Wall-resolved LES of supersonic channel flows: Subgrid-scale closures for internal energy equation formulation

Subgrid-scale closures for wall-resolved explicit filtered LES of Supersonic Channel Flow with different thermal-wall boundary conditions are studied at bulk flow Mach number 1.5 and reference Reynolds number in wall units Re_tau = 190 and 340. Internal energy formulation is used to account for temperature in the system of equations, and three flow conditions : 1) two walls symmetrically isothermal, 2) symmetrically isothermal walls at different temperatures and 3) uniform property flow with viscous work subtracted from the energy equation, are taken up for study. In explicit filtered LES, the fields carry additional implicit filtering due to numerical error from truncation and the error is magnified due to nonlinearity of the viscous dissipation term containing velocity gradients. Mixed tensor-diffusivity model coupled with a dynamic Smagorinsky term is used for modeling SGS stress and SGS heat flux. The principle of partially reconstructing the resolved but unrepresented scales of the tensor-diffusivity model is extended to SGS viscous dissipation using a semi-empirical mixed model. The relative significance of the SGS terms are studied from a set of DNS data and a priori tests of the models are presented. Explicitly filtered LES is performed with three configurations of SGS viscous dissipation models on two levels of grid refinement. Arguments in favor of using a dynamically computed thermal diffusivity in place of extended mixing length analogy with a subgrid-scale Prandtl number, are made and validated. A new pair of two-term mixed models for viscous dissipation that accounts for the sub-filter scale stress work and global dissipation of the large-scales are proposed.
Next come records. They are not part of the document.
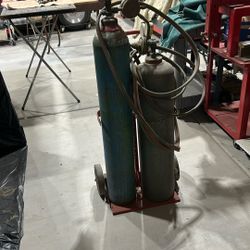 Acy / Oxy Torch Welding Torch Set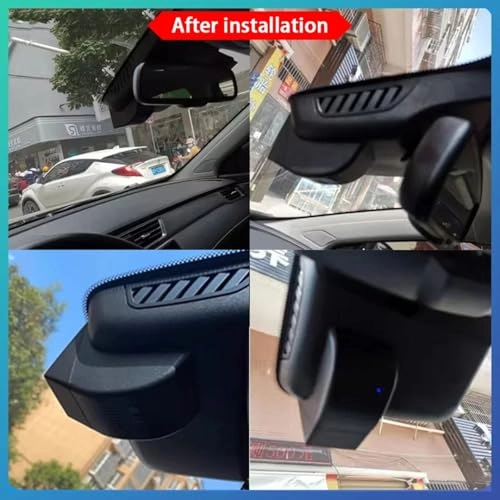 Dash Cam - 4K 2160P For Roewe RX5 2016-2024 256G SD Card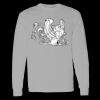 Heavy Cotton Long Sleeve T-Shirt Thumbnail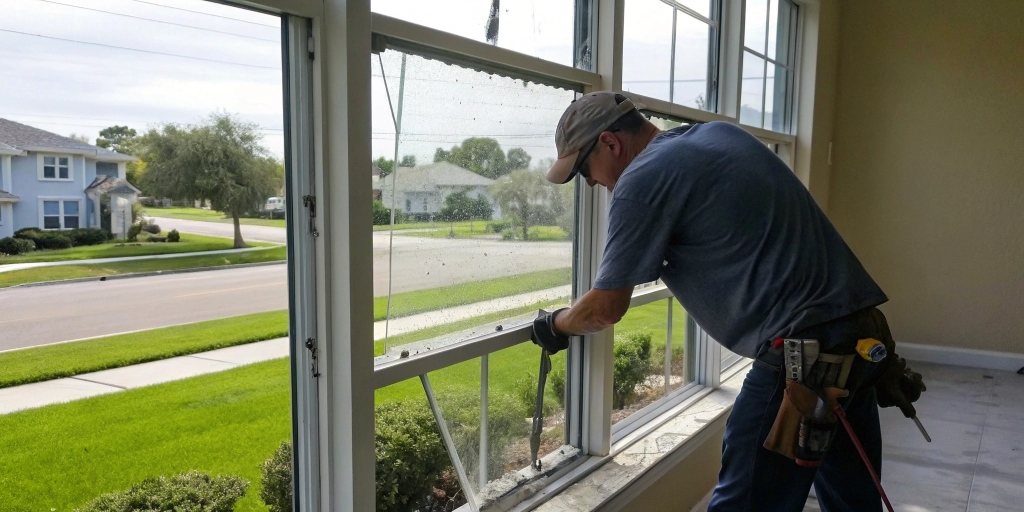 Why Residential Glass Repair Near Me Restores Safety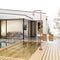 Douche de piscine POOL rose corail POOLIMEX COIN DU MEUBLE PARIS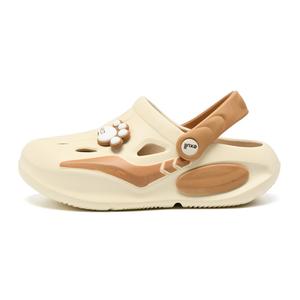 EXULL Q Сабо женские бежево-коричневые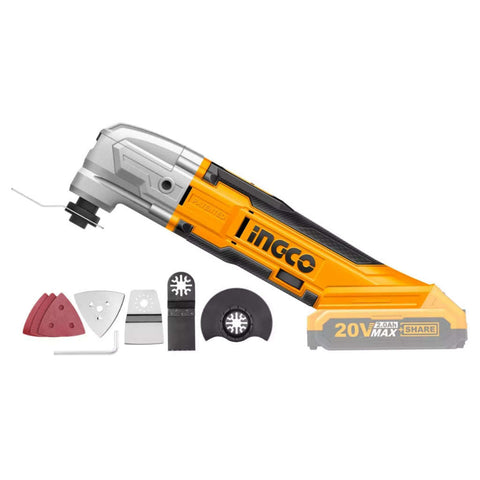 Ingco Lithium-Ion Oscillating Multi Tool 20V CMLI2001 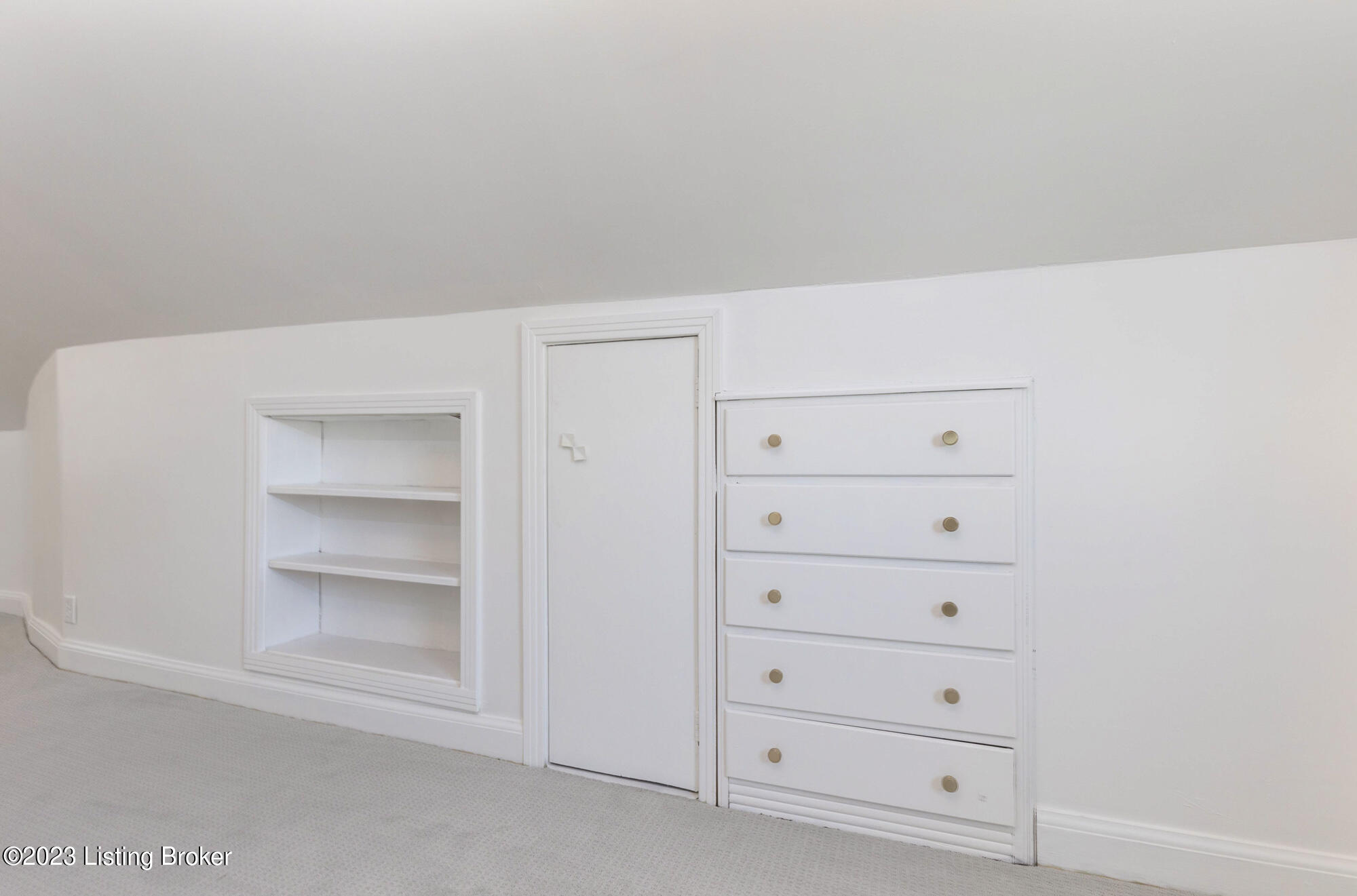 3111 Bobolink Road Louisville, KY 40213 - Photo 34 of 48 Built-in Shelves and Drawers in Primary Sitting Area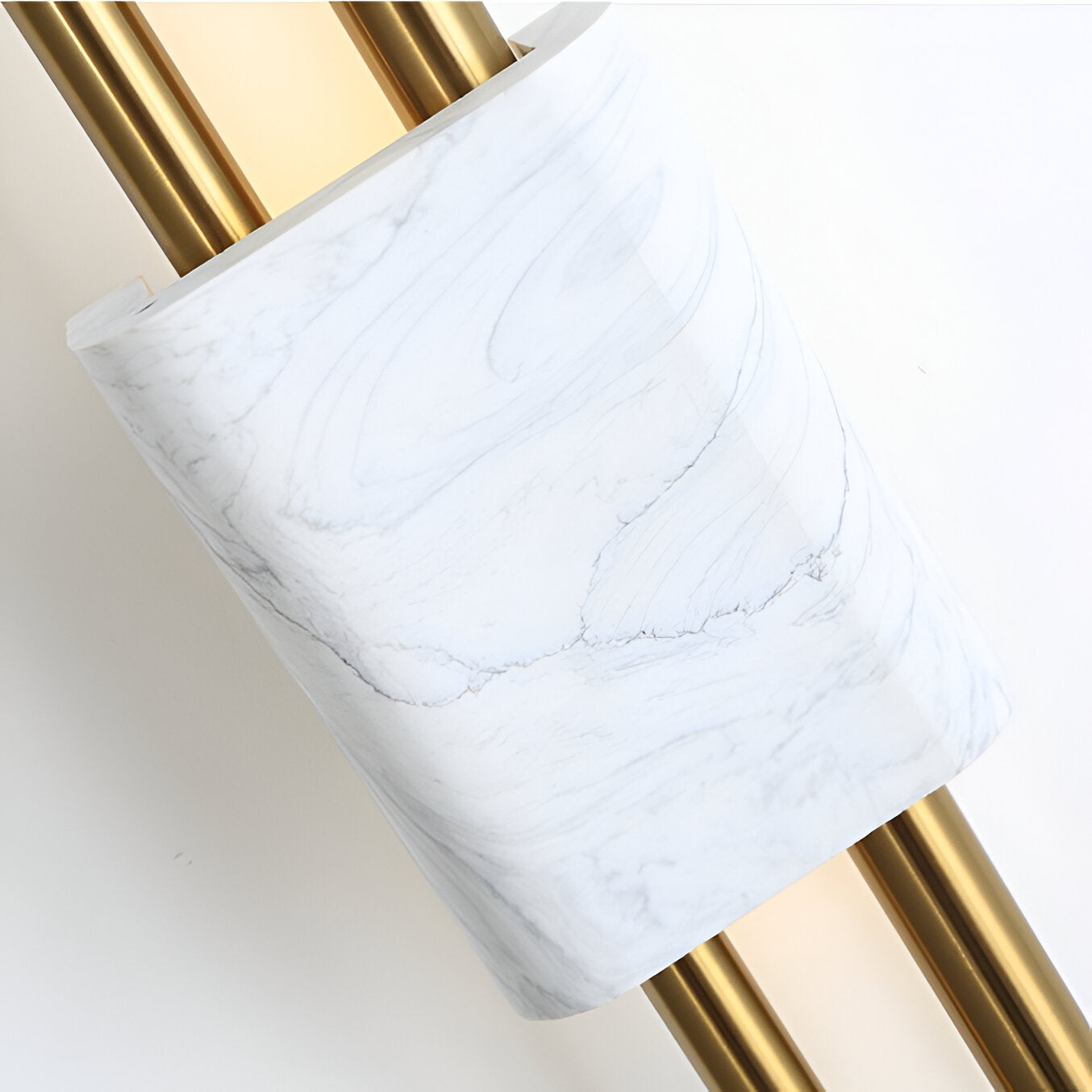 Nordic Acrylic Marble Contemporary LED Wall Light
From the large-eddy simulations of uniform property flows, the grid resolution was found to be a dominant factor influencing the accuracy of the simulations. In the variable property flows, the two term models are found to yield better prediction of dissipation and hence the mean temperature profiles. Comparing the LES on both the coarse and fine grid, the variable property simulation at Re_{\tau} = 340 yielded better results in terms of Reynolds stress correlation and {\it a posteriori} estimates of the SGS terms, indicating some favorable performance of the SGS models at a higher Reynolds number. The hot-wall half of the asymmetric channel simulations show a different behavior compared to the other flow cases in terms of SGS heat flux and viscous dissipation.